FedGraph-VASP: Privacy-Preserving Federated Graph Learning for AML
The 20-Second Summary
Money laundering is fundamentally cross-institutional, but VASPs can’t pool raw transaction graphs without exposing sensitive customer and proprietary information. FedGraph-VASP uses federated graph learning and exchanges only boundary embeddings (not raw graphs), securing those exchanges with post-quantum cryptography so cross-entity patterns can be learned without giving up data sovereignty.
The Problem
Money laundering is a graph problem. Criminals move funds through chains of transactions, often spanning multiple financial institutions, to obscure the origin and destination of illicit money. The most effective laundering patterns (layering, structuring, chain-hopping) deliberately exploit institutional boundaries: a transaction that looks benign within one institution may be part of a suspicious pattern when viewed across two or three.
Virtual Asset Service Providers (VASPs)—cryptocurrency exchanges, custodial wallets, payment processors—face this problem acutely. The Travel Rule (FATF Recommendation 16) requires VASPs to share certain transaction metadata, but raw transaction graphs are far more revealing than the mandated fields. Sharing them would expose customer wallet associations and transaction patterns, internal risk scoring models and thresholds, proprietary liquidity flows and trading strategies, and personally identifiable information subject to GDPR/CCPA or local privacy law.
So VASPs are stuck: train alone and miss cross-entity patterns, or share data and violate privacy and compliance constraints. Neither option is acceptable.
Why Existing Approaches Fall Short
| Approach | Limitation |
|---|---|
| Centralized graph learning | Requires pooling all transaction data - privacy and regulatory non-starter |
| Standard federated learning (FedAvg) | Designed for tabular/image data; doesn’t handle graph topology |
| Secure multi-party computation | Computationally expensive for graph operations; doesn’t scale to large transaction networks |
| Rule-based cross-institution sharing | Shares only flagged transactions; misses structural patterns in the graph |
| Homomorphic encryption on graphs | Prohibitive overhead for GNN operations |
The core issue is that graph learning requires structural information (neighborhoods, edge patterns, motifs) that vanilla FL aggregation can’t convey. A node’s embedding depends on its neighbors, and in cross-institution graphs those neighbors may live at a different VASP.

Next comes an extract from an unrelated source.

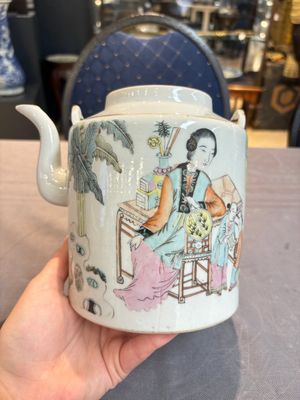 A Chinese qianjiang cai covered teapot and a covered wine warmer, Tongzhi mark, 19/20th C. — foto 18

Our Approach: FedGraph-VASP
FedGraph-VASP is built around a practical insight: in a cross-institution transaction graph, the nodes that matter most are the boundary nodes—accounts that transact across institutional boundaries. These are exactly the points where laundering signals move from one VASP’s partial visibility to another’s.
Architecture
The framework has three moving parts. Each VASP trains a local GNN on its own transaction graph (so the raw graph never leaves the institution), capturing intra-institution patterns like unusual volumes, rapid fund movements, and proximity to known suspicious addresses. For accounts that transact across institutional boundaries, each party computes and exchanges boundary embeddings—compressed representations of those boundary nodes’ local neighborhoods—so cross-institution structure can be learned without sharing raw transactions. Because transaction data often has multi-year retention and compliance requirements, those embedding exchanges are protected with post-quantum cryptography to reduce “harvest now, decrypt later” risk.
The Federated Training Loop
1. Each VASP trains GNN on local transaction graph
2. Boundary nodes identified (accounts with cross-VASP transactions)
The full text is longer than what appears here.